Für das folgende Klavierkonzert Es-Dur KV 271 von Wolfgang Amadeus Mozart nahm das Orchester, das bislang im Stehen gespielt hatte, auf Stühlen Platz, und ein riesiger Bösendorfer-Konzertflügel wurde in die Mitte des Podiums geschoben, an dem dann Alexandre Tharaud aus Frankreich Platz nahm. Auch Mozart war 20 Jahre alt, als er diesen zweiten Teil des Konzertprogramms komponierte. Dieses Stück für Klavier und Orchester ist von vielen Interpreten und Musikhistorikern als Wendepunkt in Mozarts Schaffen bezeichnet worden. Die Introduktion des Allegro spielte das ZKO mit federnden Akzenten, also betonten und leicht nachschwingenden ersten Schlägen; vor der erstmaligen Präsentation des zweiten Themas gab es ein deutliches Ritardando – keine Interpretation für Originalklangfans.

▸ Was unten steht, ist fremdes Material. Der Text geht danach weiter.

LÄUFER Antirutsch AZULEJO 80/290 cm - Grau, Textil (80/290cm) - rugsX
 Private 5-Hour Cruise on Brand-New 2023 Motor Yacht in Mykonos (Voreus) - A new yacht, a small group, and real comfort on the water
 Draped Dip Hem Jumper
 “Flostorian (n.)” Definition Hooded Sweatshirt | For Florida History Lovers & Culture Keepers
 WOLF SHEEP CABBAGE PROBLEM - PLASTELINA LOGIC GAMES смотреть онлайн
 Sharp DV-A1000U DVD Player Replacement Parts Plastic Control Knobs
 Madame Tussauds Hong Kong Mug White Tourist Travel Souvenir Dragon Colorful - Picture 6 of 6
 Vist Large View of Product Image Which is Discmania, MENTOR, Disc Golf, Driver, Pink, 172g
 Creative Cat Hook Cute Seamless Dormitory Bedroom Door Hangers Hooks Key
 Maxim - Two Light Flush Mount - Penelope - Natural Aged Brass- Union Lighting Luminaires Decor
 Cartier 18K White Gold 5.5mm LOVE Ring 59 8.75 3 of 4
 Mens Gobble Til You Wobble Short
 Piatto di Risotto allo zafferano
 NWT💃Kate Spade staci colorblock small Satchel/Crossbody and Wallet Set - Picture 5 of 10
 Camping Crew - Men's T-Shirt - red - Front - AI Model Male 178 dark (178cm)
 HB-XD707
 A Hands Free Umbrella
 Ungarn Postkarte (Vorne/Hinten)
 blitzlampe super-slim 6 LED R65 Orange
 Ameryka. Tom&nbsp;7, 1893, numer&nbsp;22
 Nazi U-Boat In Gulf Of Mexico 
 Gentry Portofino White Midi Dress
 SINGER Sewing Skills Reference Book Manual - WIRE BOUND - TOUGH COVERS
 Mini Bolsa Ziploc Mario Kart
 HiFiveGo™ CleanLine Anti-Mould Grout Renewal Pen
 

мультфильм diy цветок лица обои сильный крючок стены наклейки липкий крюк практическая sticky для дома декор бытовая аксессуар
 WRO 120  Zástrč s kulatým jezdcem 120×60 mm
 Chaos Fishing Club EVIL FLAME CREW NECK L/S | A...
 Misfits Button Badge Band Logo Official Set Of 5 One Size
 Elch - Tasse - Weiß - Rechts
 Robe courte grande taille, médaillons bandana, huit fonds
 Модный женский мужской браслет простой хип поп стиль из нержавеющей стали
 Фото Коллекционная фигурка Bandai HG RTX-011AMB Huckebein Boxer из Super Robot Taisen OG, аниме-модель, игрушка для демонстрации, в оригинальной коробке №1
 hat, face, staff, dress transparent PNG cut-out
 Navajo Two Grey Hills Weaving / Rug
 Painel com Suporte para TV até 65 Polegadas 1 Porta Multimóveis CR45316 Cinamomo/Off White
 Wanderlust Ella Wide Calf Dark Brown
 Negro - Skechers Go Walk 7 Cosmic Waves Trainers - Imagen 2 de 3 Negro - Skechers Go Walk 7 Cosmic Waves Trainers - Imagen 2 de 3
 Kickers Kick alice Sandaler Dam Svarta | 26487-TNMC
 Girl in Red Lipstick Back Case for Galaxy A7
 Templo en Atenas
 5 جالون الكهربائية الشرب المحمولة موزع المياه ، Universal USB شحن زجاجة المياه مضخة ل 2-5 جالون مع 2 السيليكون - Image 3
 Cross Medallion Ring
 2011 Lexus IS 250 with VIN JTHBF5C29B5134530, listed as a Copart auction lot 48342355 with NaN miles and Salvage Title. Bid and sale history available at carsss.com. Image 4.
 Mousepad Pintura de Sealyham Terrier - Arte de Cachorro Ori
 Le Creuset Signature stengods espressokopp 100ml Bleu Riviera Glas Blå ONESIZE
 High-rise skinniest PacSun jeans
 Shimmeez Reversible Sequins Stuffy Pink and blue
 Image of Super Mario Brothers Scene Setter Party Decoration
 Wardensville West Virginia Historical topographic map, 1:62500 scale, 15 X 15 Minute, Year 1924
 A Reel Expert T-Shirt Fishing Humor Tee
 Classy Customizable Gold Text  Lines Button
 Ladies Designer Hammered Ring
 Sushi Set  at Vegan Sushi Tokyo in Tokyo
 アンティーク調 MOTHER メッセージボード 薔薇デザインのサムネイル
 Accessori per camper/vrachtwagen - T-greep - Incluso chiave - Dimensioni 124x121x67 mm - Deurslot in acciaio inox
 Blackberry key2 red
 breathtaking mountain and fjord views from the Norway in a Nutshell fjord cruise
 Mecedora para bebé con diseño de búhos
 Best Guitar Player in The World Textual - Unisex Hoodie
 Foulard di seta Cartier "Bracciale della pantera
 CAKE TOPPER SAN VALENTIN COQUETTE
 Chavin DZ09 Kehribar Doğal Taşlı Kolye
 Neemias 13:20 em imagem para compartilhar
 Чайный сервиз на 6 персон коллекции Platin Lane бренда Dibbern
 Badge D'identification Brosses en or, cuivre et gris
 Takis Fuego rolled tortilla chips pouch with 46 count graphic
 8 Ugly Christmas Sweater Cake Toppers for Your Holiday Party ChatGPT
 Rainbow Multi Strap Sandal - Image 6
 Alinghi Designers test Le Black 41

Alexandre Tharauds Anschlag an dem sensiblen und eigentlich für das ‚schwere‘ romantische Repertoire besonders geeigneten Flügel war sehr klar, eher kristallin als metallen wie an einem Steinway. Entsprechend den Gegebenheiten des Saales und den Erfordernissen des Instrumentes nahm er die Mittellage und vor allem die Basslinien sehr zurück. In der Kadenz des ersten Satz gab er den Bässen mehr Raum und setzte auch deutlich mehr Pedal ein – eine Interpretation, die auch im zweiten Satz unterstrich, welche neuen Aussichten auf musikalische Welten Mozart mit diesem Werk eröffnete, die dann von Beethoven und anderen nochmals erweitert werden sollten. Nach der Kadenz trumpfte das Soloinstrument in den Schlusswendungen nicht auf, wie es sonst oft zu hören ist, sondern hielt sich im Gesamtklang mit dem Orchester zurück.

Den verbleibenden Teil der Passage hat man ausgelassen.